20. The polymer composition as claimed in claim 16, wherein the photochromic dye comprises spironaphthoxazines or naphthopyrans.

21. The polymer composition as claimed in claim 16, wherein the antimicrobial additive comprises compounds based on carbamate or silver.

22. The polymer composition as claimed in claim 16, wherein the polymer is in amorphous or semicrystalline form.

23. The polymer composition as claimed in claim 16, wherein the polymer is selected from the group consisting of transparent polyvinyl chloride, polycarbonate, polymethyl methacrylate, polyolefin, polystyrene, polyethylene terephthalate, polybutylene terephthalate, and mixtures thereof, partly or fully fluorinated polymers, for example polyvinylidene fluoride or perfluoroalkoxyalkane, copolymers and alloys thereof.

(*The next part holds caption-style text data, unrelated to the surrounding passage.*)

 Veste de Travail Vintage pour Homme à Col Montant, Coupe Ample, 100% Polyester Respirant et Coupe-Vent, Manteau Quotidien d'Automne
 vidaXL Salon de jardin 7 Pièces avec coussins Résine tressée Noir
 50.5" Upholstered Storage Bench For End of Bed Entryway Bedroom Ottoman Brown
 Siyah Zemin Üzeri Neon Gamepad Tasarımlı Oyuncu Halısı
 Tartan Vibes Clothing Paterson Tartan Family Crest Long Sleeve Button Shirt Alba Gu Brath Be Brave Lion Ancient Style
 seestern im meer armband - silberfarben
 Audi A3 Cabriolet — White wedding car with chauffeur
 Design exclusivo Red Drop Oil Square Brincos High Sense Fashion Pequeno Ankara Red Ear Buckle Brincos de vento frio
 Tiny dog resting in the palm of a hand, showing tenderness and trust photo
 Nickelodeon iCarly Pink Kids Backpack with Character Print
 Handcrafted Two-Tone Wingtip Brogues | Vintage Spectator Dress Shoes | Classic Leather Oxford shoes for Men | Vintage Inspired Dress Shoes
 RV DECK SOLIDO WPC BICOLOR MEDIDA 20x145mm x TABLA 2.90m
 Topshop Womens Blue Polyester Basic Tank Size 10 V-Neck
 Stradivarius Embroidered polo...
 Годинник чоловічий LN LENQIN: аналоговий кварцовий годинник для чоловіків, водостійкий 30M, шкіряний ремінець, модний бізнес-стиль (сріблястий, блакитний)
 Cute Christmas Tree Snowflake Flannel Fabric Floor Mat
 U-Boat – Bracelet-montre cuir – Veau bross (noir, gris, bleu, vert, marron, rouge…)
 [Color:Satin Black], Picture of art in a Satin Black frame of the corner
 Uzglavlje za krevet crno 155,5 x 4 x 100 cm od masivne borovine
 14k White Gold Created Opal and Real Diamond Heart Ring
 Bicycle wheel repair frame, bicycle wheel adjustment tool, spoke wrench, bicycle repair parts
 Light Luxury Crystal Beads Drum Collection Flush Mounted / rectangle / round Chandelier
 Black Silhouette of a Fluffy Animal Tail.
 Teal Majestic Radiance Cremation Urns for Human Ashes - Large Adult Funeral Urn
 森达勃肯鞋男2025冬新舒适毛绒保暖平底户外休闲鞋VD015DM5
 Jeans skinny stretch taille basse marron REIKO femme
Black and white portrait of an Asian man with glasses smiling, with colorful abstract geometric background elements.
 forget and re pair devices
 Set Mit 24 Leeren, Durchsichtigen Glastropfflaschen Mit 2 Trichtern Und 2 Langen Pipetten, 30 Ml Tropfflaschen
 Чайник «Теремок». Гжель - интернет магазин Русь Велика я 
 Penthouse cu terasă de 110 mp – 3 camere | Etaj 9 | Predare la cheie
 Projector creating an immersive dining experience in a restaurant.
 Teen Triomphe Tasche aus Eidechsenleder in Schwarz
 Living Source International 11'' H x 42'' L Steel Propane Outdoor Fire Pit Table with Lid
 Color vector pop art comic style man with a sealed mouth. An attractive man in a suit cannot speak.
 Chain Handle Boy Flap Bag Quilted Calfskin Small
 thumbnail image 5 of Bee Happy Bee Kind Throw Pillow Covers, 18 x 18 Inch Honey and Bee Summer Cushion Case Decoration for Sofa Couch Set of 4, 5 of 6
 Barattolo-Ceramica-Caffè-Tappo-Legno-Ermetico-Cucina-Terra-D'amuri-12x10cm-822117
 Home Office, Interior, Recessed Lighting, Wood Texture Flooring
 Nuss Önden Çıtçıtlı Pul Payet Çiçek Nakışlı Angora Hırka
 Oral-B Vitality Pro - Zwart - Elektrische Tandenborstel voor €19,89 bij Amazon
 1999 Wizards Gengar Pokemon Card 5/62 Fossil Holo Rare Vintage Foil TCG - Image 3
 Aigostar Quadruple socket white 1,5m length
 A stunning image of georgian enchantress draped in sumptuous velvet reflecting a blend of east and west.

24. A photobioreactor comprises a wall formed of a polymer molding wherein the composition of the polymer molding comprises a substance selected from the group consisting of: (1) an inorganic or organic near infrared absorber for absorption of long-wave radiation, (2) an inorganic or organic reflector for reflection of ultraviolet radiation, (3) an inorganic or organic reflector for reflection of visible, near infrared or infrared radiation, (4) an optical brightener or fluorescent dye for conversion of the absorbed ultraviolet radiation to visible light or fluorescent light, (5) a photochromic dye for light intensity-dependent modification of the transmission characteristics of the polymer molding, (6) an antimicrobial additive for prevention of or reduction in the level of organic deposits in the photobioreactor, and mixtures thereof.

25. A photobioreactor as claimed in claim 24, wherein the polymer molding comprises different layers, wherein the layers have different concentrations of substances.

26. A photobioreactor as claimed in claim 24, wherein the polymer molding is in tubular form and has a tube wall with an inner surface in the form of a helical line.

27. A photobioreactor as claimed in claim 26, wherein the tube wall has an inner surface free of dead space.

28. A photobioreactor as claimed in claim 27, wherein an inside of the tube wall is in the form of a static mixer.

29. A photobioreactor as claimed in claim 26, wherein the tubular polymer moldings are in a form such that they can be connected with a triclamp connection.

30. A photobioreactor as claimed in claim 28, wherein the photobioreactor is formed from mineral glass or ceramic.